We are here presented with a case, that in my view, illustrates graphically the continuing need for vigilance by our courts and the close scrutiny of commercial consumer transactions that have every surface appearance of bona fides but are revealed upon the slightest scratch of that surface to be but another form of a predatory practice already interdicted either by statute or decisional law.
Both the “holder-in-due-course” and “caveat emptor ” doctrines, so long applied by the courts to commercial world transactions, in part, at least, to reflect the sophistication of those persons most frequently engaged in commerce, have, in recent years experienced considerable modification and limitation as a result of our growing recognition of and concern for the less sophisticated and often victimized consumer, who, more and more, forms an important part of our commercial world. As has been stated by the learned court in Matter of State of New York v. ITM, Inc. (52 Misc 2d 39, 54): “We *740have reached that point where £ Let the buyer beware ’ is a poor business philosophy for a social order allegedly based upon man’s respect for his fellow man. Let the seller beware, too! A free enterprise system not founded upon personal morality will ultimately lose freedom.”
In similar fashion, the traditionally protective shield of the holder-in-due-course doctrine has been penetrated to provide relief to the unsuspecting installment contract purchaser in manner and degree previously denied. (See, e.g., Uniform Commercial Code, § 3-304; Westfield Investment Co. v. Fellers, 74 N. J. Super. 575; Unico v. Owen, 50 N. J. 101.)
But the transaction at bar, at first impression, violates none of these interdictions, modifications or limitations. It appears simply to be an ordinary action on a promissory note brought by the lender against the maker for the unpaid balance.
The note has not been negotiated; it was not given in connection with an installment or other purchase contract between the maker and the lender or one in privity of contract with the lender, nor was the lender a party to any other contractual transaction that apparently underlies the obligation.
This appearance of bona fides is, as will later appear, but the cloak employed to disguise a most pernicious and unconscionable entrapment of an unsuspecting member of the public.
The essential facts found from the testimony of the parties are that defendant’s 18-year-old daughter signed an enrollment agreement to become a student in a ££ Computer Programmer ” course at the New York School of Computer Technology (hereinafter ££ Computer ”), on August 12, 1969. The course, consisting of 500 hours of instruction, included the study of such computers as the ibm 1401, ibm 1440, ibm 1460, ibm 360, Honeywell 200, non 315, boa 501 and Remington Rand Univac, at a total cost of $2,400, payable in full upon enrollment. The student is given the option of attending any hours of the school session that suit his convenience, together with the privilege of changing hours whenever necessary.

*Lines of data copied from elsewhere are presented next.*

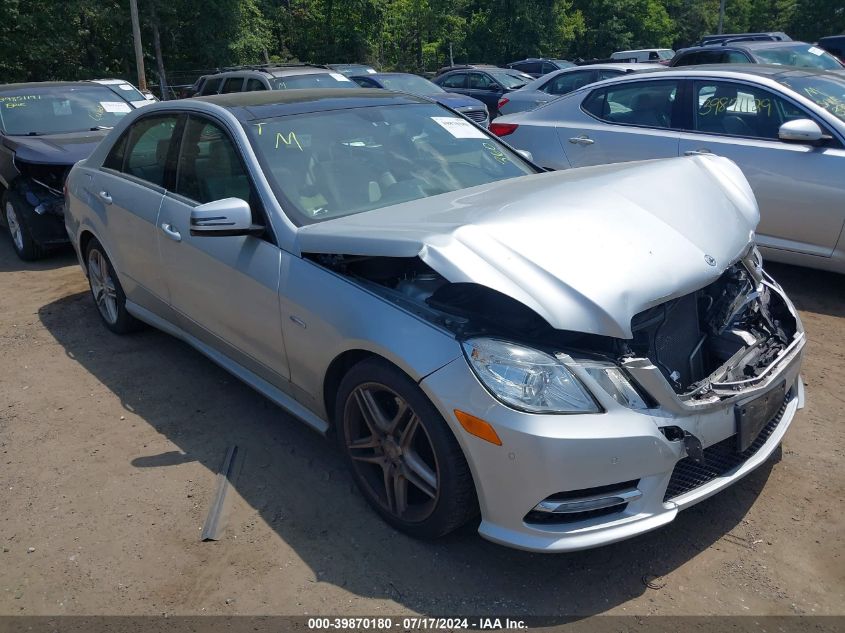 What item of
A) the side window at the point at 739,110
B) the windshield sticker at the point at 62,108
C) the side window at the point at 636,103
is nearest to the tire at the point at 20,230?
the windshield sticker at the point at 62,108

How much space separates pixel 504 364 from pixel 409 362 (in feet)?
1.18

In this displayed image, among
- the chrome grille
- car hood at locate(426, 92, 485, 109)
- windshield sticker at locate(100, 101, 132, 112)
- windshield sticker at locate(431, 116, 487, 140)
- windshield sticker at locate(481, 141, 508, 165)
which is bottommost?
car hood at locate(426, 92, 485, 109)

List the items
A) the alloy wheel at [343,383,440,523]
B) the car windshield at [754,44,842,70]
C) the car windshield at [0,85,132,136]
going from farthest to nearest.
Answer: the car windshield at [754,44,842,70], the car windshield at [0,85,132,136], the alloy wheel at [343,383,440,523]

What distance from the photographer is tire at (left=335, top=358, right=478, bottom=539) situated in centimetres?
270

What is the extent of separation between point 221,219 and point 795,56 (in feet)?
32.0

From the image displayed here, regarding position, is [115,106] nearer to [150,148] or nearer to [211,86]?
[150,148]

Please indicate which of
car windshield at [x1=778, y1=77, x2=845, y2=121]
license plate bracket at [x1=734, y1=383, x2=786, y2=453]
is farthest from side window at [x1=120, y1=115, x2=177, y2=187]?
car windshield at [x1=778, y1=77, x2=845, y2=121]

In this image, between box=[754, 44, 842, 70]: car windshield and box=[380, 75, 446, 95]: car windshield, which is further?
box=[380, 75, 446, 95]: car windshield

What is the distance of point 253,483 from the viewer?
11.5 ft

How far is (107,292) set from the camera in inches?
207

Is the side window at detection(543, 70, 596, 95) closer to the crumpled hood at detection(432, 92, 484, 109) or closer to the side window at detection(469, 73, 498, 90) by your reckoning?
the crumpled hood at detection(432, 92, 484, 109)

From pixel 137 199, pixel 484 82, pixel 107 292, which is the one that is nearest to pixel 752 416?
pixel 137 199

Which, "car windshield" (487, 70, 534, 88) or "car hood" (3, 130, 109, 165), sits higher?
"car hood" (3, 130, 109, 165)

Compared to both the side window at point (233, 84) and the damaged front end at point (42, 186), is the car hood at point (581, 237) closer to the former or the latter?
the damaged front end at point (42, 186) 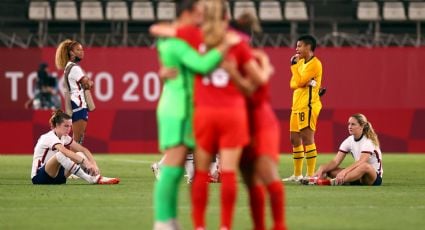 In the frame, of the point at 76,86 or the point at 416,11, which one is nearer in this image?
the point at 76,86

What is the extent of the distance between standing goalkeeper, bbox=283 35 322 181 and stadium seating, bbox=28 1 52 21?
1339cm

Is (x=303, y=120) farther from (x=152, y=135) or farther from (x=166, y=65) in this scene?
(x=152, y=135)

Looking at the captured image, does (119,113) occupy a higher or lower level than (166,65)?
lower

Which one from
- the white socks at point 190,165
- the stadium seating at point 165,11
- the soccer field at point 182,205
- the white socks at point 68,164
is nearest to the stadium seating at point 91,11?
the stadium seating at point 165,11

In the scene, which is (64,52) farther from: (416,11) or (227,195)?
(416,11)

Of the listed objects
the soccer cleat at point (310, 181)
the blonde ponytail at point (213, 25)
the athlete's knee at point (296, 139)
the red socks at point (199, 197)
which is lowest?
the soccer cleat at point (310, 181)

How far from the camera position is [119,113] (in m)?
28.4

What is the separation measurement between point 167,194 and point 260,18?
2185 centimetres

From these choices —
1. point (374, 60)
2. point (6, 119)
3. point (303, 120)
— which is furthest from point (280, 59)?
point (303, 120)

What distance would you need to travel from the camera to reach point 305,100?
1833 centimetres

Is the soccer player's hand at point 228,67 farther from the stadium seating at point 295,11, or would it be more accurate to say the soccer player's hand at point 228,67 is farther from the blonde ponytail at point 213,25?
the stadium seating at point 295,11

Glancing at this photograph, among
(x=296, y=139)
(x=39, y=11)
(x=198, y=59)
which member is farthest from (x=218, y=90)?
(x=39, y=11)

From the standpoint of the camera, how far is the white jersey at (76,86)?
59.5 ft

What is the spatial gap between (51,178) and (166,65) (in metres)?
7.78
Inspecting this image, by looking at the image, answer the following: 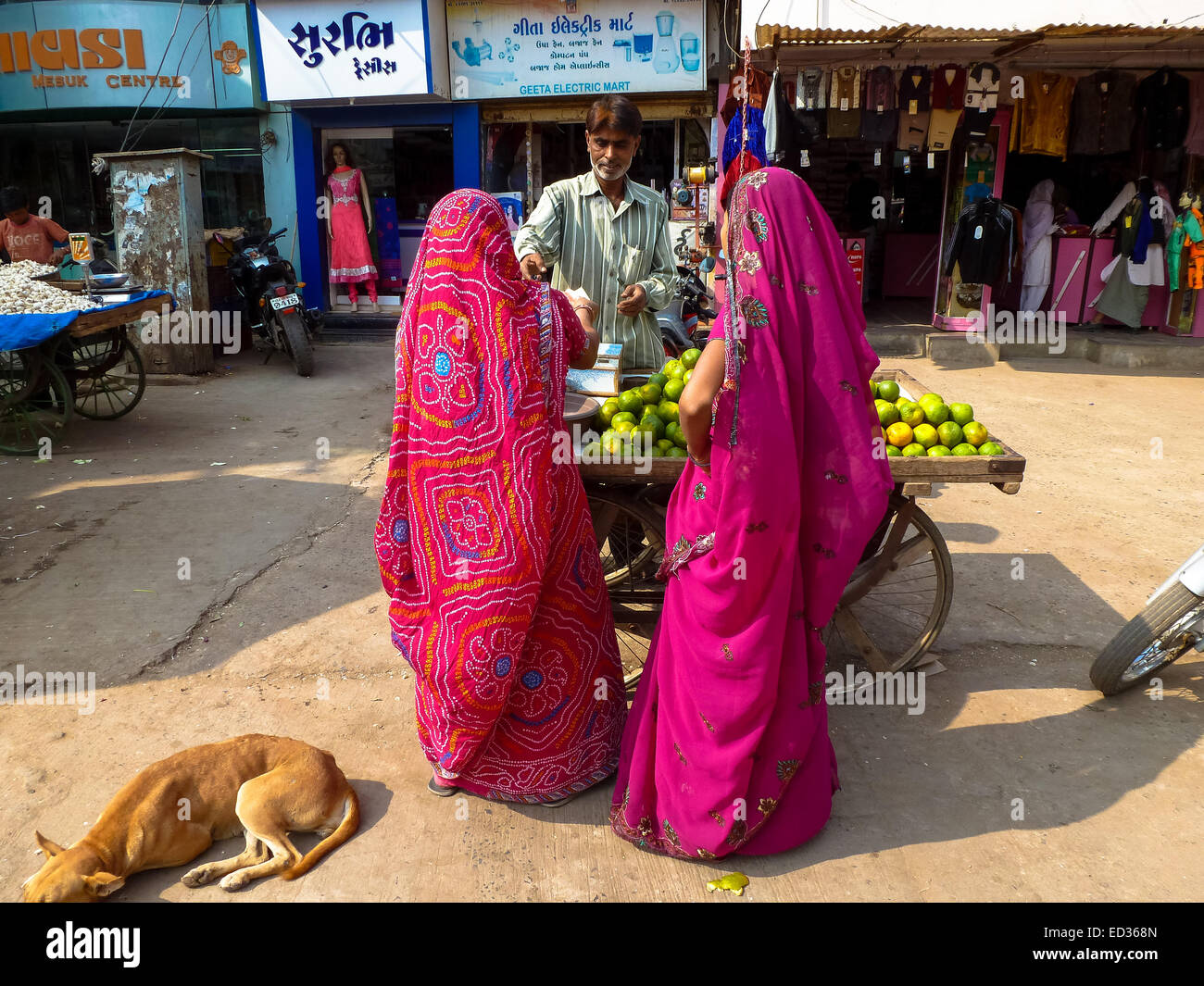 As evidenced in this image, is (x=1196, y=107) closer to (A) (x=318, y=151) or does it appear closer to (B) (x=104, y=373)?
(A) (x=318, y=151)

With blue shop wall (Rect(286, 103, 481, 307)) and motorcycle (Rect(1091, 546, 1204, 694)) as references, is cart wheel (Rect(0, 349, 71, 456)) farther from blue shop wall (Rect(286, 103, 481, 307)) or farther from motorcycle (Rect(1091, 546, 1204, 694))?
motorcycle (Rect(1091, 546, 1204, 694))

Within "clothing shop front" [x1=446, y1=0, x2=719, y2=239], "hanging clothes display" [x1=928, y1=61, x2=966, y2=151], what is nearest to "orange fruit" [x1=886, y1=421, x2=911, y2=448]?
"hanging clothes display" [x1=928, y1=61, x2=966, y2=151]

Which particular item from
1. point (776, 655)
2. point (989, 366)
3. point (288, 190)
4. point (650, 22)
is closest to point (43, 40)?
point (288, 190)

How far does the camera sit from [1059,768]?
9.86ft

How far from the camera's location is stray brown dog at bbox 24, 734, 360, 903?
2307 mm

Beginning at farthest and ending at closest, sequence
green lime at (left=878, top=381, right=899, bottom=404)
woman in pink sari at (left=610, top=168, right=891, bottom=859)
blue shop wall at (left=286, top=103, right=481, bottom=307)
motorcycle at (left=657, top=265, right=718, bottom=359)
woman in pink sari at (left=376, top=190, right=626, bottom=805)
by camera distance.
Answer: blue shop wall at (left=286, top=103, right=481, bottom=307) → motorcycle at (left=657, top=265, right=718, bottom=359) → green lime at (left=878, top=381, right=899, bottom=404) → woman in pink sari at (left=376, top=190, right=626, bottom=805) → woman in pink sari at (left=610, top=168, right=891, bottom=859)

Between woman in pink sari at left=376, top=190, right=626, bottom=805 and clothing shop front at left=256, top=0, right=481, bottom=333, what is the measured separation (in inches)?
390

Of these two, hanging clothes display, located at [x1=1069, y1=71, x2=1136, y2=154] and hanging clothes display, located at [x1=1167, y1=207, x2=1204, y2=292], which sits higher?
hanging clothes display, located at [x1=1069, y1=71, x2=1136, y2=154]

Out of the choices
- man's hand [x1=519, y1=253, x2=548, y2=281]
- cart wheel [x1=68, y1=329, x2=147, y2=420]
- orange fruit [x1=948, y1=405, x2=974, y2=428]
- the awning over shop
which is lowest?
cart wheel [x1=68, y1=329, x2=147, y2=420]

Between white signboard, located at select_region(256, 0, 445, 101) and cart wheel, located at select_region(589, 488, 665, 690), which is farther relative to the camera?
white signboard, located at select_region(256, 0, 445, 101)

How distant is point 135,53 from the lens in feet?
39.7

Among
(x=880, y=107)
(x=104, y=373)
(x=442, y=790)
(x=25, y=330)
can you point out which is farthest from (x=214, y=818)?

The agreement further provides, in considerably smaller, but nevertheless legible print, that “in the event of the student’s withdrawal or discontinuance from the school he will be entitled to a refund equal to the difference between the amount of net cash actually paid to the school and the earned tuition. For the purpose of this paragraph, earned tuition shall consist of a fixed non-refundable enrollment fee of six hundred dollars ($600.00), plus seven dollars ($7.00) per hour for all scheduled instructional hours as checked off in this enrollment agreement *741until the date of the receipt by the school of written notice of discontinuance. ’ ’
The defendant was asked to come to the school with her daughter so that arrangements could be made for the payment of the $2,400 tuition. She testified that when she went to the school with her daughter on August 18, 1969, she was interviewed by a Mr. Diliberto (later identified as an instructor at the school) and told that in order for her daughter to attend “ Computer,” the daughter would have to pay $67 per month. Defendant was asked if she would ‘ ‘ sign-countersign ’ ’ for the daughter, and, when she agreed, she was asked to sign the promissory note that forms the basis of the instant suit.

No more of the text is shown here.